I have seen some new trends in the social sciences and in the humanities, where data mining and frequency analysis methods to examine an increasing variety of works of art, literature, and even communications. Reducing Shakespeare’s Hamlet to a database, which can be searched for the actions and personal connections every character has in the play seem to have reaped some interesting new perspectives… This also creates new categories of questions one can bring into deep examination of some of these cultural artifacts…
The following article about ‘hacking’ Skype by use of frequency analysis techniques is something which the NSA has been doing for a long time (albeit not to Skype…necessarily…?). This is a form of what could be seen as cryptanalysis…to ‘decode’ the content of what is being communicated.
For me, the idea that there are some new and powerful methods to dig deeper into great works of literature is wonderful…I do, however, prefer to spend the time with the play using a pen and paper…I guess that I am far too old school for some things…
Hamlet and the region of death
http://www.boston.com/bostonglobe/ideas/articles/2011/05/29/hamlet_and_the_region_of_death/?page=full
For as long as anyone can remember, the basic task of literary scholarship has been close reading. Sit down with a book, pencil in hand, read, pay attention—, and then tell the world what you noticed.
Franco Moretti, however, often doesn’t read the books he studies. Instead, he analyzes them as data. Working with a small group of graduate students, the Stanford University English professor has fed thousands of digitized texts into databases and then mined the accumulated information for new answers to new questions. How far, on average, do characters in 19th-century English novels walk over the course of a book? How frequently are new genres of popular fiction invented? How many words does the average novel’s protagonist speak? By posing these and other questions, Moretti has become the unofficial leader of a new, more quantitative kind of literary study.
To many readers — and to some of Moretti’s fellow academics — the very notion of quantitative literary studies can seem like an offense to that which made literature worth studying in the first place: its meaning and beauty. For Moretti, however, moving literary scholarship beyond reading is the key to producing new knowledge about old texts — even ones we’ve been studying for centuries.
Most recently Moretti has turned his attention to what might be the most familiar text in English literature: “Hamlet.” Using the play as a kind of test case, Moretti diagrammed and quantified the plot, charting the relationships among characters as a network based strictly on whether they speak to one another at any point in the play. He published the results in an article, “Network Theory, Plot Analysis,” in the March/April 2011 issue of the New Left Review.

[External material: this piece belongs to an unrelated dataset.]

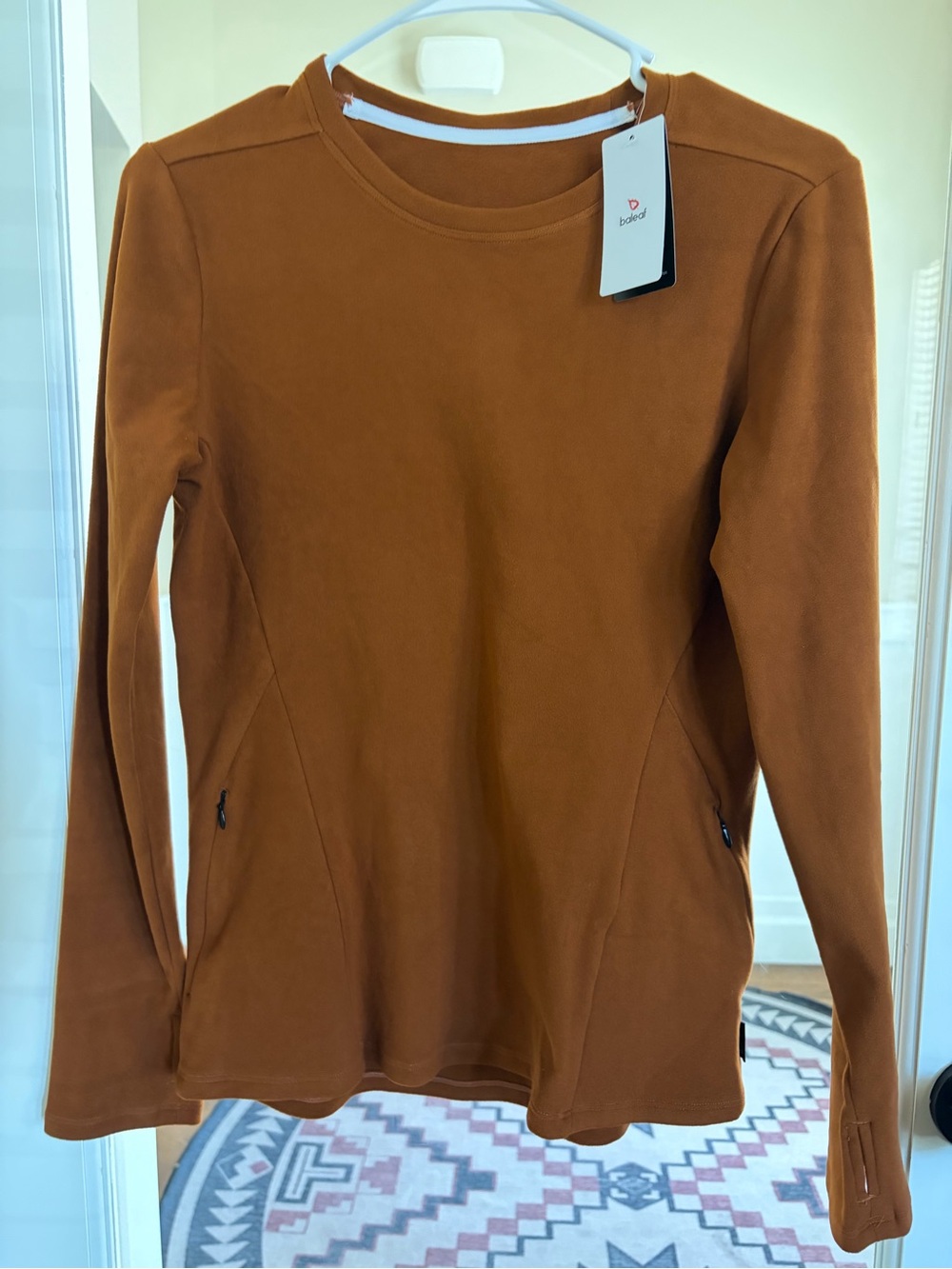 Baleaf Women's Crewneck Pullover Sweatshirt in Burnt Orange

Seen through Moretti’s network diagrams, “Hamlet” often seems brand new. You could notice, for example, that of all the characters who speak to both Hamlet and Claudius, only two manage to survive the play (Moretti calls this part of the network the “region of death”). Or one notices that Rosencrantz and Guildenstern, the most famous pair of minor characters in all of Shakespeare, never speak to each other.

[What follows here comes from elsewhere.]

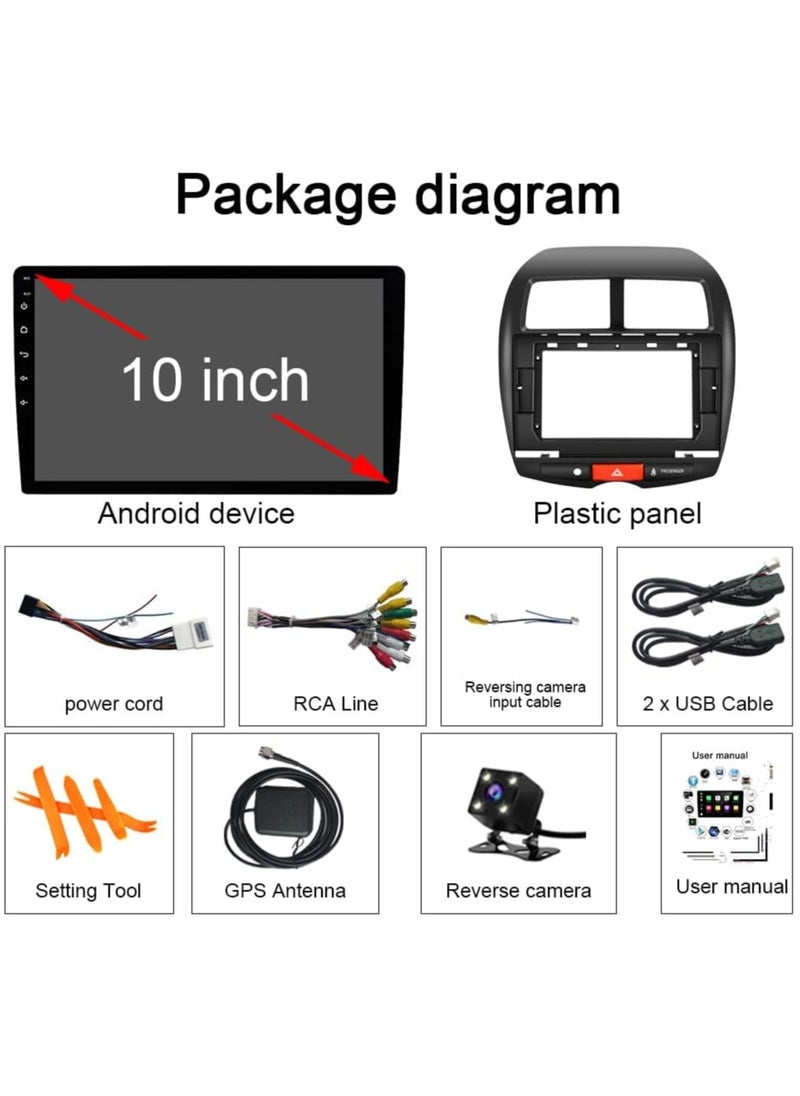 4GB RAM+64GB ROMfor Mitsubishi ASX Radio 2010-2017 Car Stereo Android 13 Built-in Wireless CarPlay Android Auto Bluetooth Head Unit 10 Inch IPS GPS Navigation Support Full RCA Backup Camera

Linguists break into Skype conversations
http://www.newscientist.com/blogs/onepercent/2011/05/words-leak-from-encrypted-onli.html
Chatting over internet phone networks like Skype may not be as secure as once thought:
Security researchers have shown that encrypted voice-over-internet-protocol (VoIP) conversations can be partially understood by an eavesdropper.
Transmitting voice data through the internet securely involves encoding and then encrypting speech. This combination of two signal-processing techniques means the size of the encrypted data packets reflect properties of the original speech, a key vulnerability that allowed a team of computer scientists and linguists at the University of North Carolina at Chapel Hill to reconstruct words and phrases from a VoIP call.
The team listens in by splitting the sequence of encrypted VoIP data packets into sequences that correspond to phonemes, the short sounds that form the building blocks of speech. They then apply linguistic rules to turn a string of phonemes into words – for example, the spoken conjunction that sounds like "zzdr", which occurs in the middle of "eavesdrop" (say it out loud and you’ll hear it) never appears at the start of an English word.
The researchers compare the technique to the way infants learn to understand speech, segmenting the stream of sound coming from an adult’s mouth into words by using linguistic clues such as separating out their own name.
Users don’t need to worry about people listening in on their entire Skype conversation though, as the success of their technique varies widely. The team tested it on 6300 recordings in eight American English dialects and evaluated the performance using METEOR, a widely used scoring system for comparing machine translation techniques. Only 2.3 per cent scored over 0.5, meaning they are generally considered understandable, though some scores were much higher with near-perfect recovery of full sentences.